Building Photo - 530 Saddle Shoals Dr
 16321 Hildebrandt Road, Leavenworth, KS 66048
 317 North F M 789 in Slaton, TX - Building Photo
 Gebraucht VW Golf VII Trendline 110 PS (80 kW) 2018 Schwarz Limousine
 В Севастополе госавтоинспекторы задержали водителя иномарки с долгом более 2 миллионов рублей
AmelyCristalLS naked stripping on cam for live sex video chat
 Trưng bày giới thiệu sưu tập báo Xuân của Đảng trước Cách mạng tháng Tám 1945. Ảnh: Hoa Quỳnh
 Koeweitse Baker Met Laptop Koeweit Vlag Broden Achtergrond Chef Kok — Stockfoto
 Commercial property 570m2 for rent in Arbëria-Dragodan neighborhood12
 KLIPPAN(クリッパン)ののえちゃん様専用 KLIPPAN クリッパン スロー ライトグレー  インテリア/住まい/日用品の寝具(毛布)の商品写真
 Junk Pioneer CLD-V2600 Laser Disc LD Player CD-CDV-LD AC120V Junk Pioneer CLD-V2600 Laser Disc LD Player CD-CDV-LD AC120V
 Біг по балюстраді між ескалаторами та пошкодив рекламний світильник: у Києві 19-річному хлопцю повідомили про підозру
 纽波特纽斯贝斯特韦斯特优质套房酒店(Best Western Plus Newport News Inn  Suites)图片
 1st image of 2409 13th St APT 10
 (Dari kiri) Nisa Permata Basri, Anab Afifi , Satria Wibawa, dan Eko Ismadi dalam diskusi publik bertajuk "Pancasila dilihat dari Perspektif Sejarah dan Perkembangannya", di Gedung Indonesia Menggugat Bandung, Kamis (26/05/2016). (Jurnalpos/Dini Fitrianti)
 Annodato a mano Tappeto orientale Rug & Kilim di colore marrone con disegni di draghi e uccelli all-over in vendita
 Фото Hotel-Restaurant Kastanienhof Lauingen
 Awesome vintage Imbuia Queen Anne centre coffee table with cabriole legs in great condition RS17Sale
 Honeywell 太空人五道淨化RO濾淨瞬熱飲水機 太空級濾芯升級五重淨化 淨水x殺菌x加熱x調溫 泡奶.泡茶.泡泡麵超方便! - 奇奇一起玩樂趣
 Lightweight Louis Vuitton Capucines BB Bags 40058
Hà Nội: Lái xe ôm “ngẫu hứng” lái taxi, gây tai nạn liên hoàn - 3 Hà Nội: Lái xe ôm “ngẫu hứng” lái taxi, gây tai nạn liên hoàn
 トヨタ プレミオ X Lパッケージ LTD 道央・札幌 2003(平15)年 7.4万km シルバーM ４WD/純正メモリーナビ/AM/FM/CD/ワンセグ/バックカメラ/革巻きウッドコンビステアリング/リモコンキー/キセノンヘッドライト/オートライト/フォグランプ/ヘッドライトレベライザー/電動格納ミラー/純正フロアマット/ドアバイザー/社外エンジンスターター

What is required: Copy out each line of the listing that holds the word "Building".

Solution:
Building Photo - 530 Saddle Shoals Dr
 317 North F M 789 in Slaton, TX - Building Photo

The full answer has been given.